Two-cells phase separation in shallow submarine hydrothermal system at Milos Island, Greece: Boron isotopic evidence

[1] Three types of hydrothermal vent fluids, herein referred to as cave, submarine-brine and seawater-like, were recovered from a shallow submerged system at Milos in the Aegean Sea, Greece, for detailed chemical and isotopic analyses. The cave fluids discharge through rock fissures near sea-level and have low pH, chlorinity, and B concentrations relative to seawater. The submarine-brine fluids are characterized by high Cl and contain > 10 times seawater B concentrations. A scenario involving a two-cells circulation is proposed; one occurs at 1-2 km and another at shallower depth. The deeper saline reservoir has experienced subcritical phase separation, partitioning 0.42 mM B in vapor and 6.8 mM in brine with no detectable isotopic fractionation. The reaction temperature in the saline reservoir is 313 degrees C calculated from the Na-K-Ca geothermometry.
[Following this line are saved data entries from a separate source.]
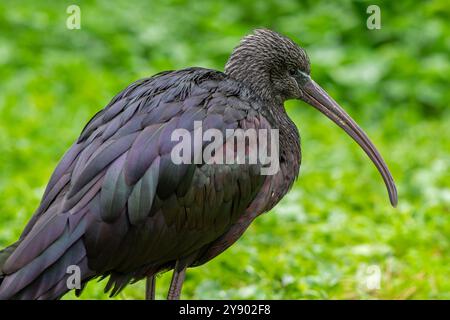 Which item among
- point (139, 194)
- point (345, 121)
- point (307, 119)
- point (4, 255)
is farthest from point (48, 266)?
point (307, 119)

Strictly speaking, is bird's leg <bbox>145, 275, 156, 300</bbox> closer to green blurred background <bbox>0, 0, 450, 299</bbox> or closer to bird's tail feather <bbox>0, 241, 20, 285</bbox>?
green blurred background <bbox>0, 0, 450, 299</bbox>

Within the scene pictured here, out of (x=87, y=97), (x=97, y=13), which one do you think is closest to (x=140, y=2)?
(x=97, y=13)

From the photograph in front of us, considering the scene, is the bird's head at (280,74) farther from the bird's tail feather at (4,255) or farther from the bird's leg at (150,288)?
the bird's tail feather at (4,255)

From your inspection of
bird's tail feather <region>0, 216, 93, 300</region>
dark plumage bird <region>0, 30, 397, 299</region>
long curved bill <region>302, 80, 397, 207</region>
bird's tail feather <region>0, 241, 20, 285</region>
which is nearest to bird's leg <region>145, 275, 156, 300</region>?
dark plumage bird <region>0, 30, 397, 299</region>

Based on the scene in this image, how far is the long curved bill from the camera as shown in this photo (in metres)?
6.17

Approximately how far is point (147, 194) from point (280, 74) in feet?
4.42

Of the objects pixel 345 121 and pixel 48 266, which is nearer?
pixel 48 266

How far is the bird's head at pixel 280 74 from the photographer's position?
6027 mm

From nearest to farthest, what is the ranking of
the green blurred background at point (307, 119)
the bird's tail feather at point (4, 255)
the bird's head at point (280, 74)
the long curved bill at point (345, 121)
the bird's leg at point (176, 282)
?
the bird's tail feather at point (4, 255), the bird's leg at point (176, 282), the bird's head at point (280, 74), the long curved bill at point (345, 121), the green blurred background at point (307, 119)

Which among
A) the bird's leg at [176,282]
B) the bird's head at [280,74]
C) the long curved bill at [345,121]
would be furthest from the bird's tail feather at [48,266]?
the long curved bill at [345,121]

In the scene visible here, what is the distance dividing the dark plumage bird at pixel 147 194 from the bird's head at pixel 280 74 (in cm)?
13

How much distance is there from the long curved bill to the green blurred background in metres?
0.91

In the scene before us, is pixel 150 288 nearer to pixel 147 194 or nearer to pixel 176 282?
pixel 176 282

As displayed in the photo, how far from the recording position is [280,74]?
6.12 m
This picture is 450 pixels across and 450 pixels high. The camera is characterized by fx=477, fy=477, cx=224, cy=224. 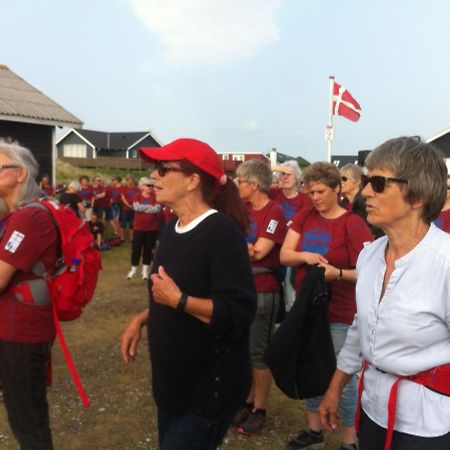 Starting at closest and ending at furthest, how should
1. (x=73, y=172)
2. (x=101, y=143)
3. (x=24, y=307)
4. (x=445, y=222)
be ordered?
1. (x=24, y=307)
2. (x=445, y=222)
3. (x=73, y=172)
4. (x=101, y=143)

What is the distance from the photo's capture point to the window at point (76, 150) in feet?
167

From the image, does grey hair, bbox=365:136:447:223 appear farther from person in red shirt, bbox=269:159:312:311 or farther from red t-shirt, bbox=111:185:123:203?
red t-shirt, bbox=111:185:123:203

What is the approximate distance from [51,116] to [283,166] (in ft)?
29.6

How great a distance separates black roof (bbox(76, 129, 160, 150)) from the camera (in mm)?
49844

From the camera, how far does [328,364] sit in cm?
290

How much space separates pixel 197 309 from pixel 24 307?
3.73ft

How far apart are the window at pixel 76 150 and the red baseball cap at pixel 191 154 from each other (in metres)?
50.9

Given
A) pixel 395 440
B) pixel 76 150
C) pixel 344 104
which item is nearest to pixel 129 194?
pixel 344 104

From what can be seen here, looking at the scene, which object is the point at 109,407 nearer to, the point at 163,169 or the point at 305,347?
the point at 305,347

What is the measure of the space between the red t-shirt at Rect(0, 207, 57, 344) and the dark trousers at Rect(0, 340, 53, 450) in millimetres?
68

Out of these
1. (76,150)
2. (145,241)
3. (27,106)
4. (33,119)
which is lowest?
(145,241)

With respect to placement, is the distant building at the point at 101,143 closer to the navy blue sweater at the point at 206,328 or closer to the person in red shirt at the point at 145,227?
the person in red shirt at the point at 145,227

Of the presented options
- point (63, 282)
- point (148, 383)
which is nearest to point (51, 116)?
point (148, 383)

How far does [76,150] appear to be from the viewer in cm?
5112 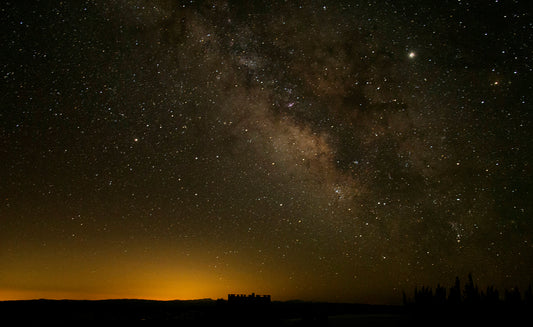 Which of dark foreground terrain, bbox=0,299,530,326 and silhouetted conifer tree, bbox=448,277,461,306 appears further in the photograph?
silhouetted conifer tree, bbox=448,277,461,306

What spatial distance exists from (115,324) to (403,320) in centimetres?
1107

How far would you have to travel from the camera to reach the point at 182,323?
448 inches

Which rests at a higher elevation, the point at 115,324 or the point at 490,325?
the point at 115,324

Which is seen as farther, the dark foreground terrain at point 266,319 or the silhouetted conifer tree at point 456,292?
the silhouetted conifer tree at point 456,292

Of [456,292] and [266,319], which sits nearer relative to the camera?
[266,319]

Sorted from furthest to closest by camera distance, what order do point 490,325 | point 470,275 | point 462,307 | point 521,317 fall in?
point 470,275 → point 462,307 → point 521,317 → point 490,325

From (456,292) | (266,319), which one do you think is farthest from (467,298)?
(266,319)

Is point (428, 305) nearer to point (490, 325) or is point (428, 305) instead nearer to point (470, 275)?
point (490, 325)

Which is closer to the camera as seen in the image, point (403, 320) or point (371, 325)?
point (371, 325)

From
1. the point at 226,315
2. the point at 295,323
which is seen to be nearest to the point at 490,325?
the point at 295,323

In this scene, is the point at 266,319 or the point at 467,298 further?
the point at 467,298

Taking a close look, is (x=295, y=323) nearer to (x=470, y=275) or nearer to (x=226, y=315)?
(x=226, y=315)

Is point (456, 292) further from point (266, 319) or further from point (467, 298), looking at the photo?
point (266, 319)

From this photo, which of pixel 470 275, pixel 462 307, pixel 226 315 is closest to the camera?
pixel 226 315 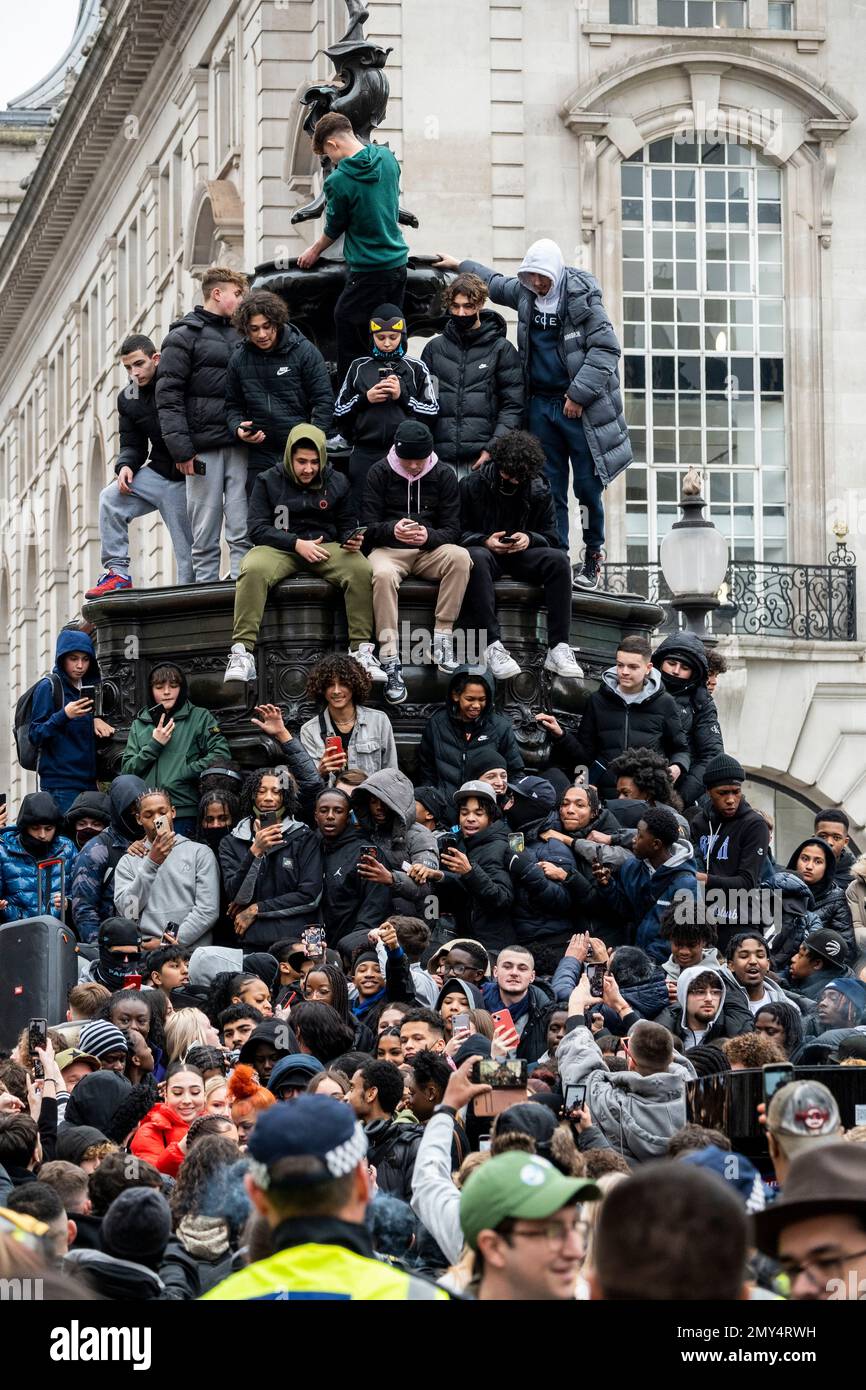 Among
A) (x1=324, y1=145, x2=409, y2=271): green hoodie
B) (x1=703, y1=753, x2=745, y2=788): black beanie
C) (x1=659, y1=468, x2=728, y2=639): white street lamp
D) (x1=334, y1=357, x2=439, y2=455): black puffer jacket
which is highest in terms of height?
(x1=324, y1=145, x2=409, y2=271): green hoodie

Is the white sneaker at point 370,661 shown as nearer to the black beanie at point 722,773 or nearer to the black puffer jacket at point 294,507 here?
the black puffer jacket at point 294,507

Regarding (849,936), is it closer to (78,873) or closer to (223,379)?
(78,873)

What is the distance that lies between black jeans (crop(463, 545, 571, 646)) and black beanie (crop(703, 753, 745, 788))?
1.59 meters

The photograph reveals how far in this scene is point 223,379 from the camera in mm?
15633

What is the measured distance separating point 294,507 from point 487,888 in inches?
103

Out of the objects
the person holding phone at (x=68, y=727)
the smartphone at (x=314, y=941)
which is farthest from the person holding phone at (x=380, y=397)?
the smartphone at (x=314, y=941)

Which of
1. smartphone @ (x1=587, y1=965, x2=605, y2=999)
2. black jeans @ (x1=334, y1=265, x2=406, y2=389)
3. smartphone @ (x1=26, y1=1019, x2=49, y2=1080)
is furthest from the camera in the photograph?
black jeans @ (x1=334, y1=265, x2=406, y2=389)

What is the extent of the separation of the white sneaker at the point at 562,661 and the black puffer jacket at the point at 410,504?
942 millimetres

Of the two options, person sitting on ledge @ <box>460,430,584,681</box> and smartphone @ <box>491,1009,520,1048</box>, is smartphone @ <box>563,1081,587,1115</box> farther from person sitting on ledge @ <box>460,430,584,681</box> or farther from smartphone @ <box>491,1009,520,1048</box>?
person sitting on ledge @ <box>460,430,584,681</box>

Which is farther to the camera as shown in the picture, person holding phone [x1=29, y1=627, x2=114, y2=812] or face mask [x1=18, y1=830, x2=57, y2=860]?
person holding phone [x1=29, y1=627, x2=114, y2=812]

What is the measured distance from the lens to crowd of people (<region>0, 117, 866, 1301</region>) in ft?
27.1

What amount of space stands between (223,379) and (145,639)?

The vapors rise directly to form the cave vents, whereas the saline fluids transport in different pathways and are influenced by seawater mixing to form the variable submarine-brine fluids. The seawater-like fluids circulate at shallower depths, where calculated temperature is 248 degrees C and show slightly diluted B (0.36-0.41 mM) and seawater delta B-11. These fluids probably resulted from heating of down-flow seawater and may have experienced groundwater discharge and partial Mg removal. This study represents the first two-cells circulation occurring at Milos and emphasizes the important role of phase separation in shallow submarine hydrothermal system. Citation: Wu, S.-F., C.-F. You, B.-S. Wang, E. Valsami-Jones, and E. Baltatzis (2011), Two-cells phase separation in shallow submarine hydrothermal system at Milos Island, Greece: Boron isotopic evidence, Geophys. Res. Lett., 38, L08613, doi:10.1029/2011GL047409.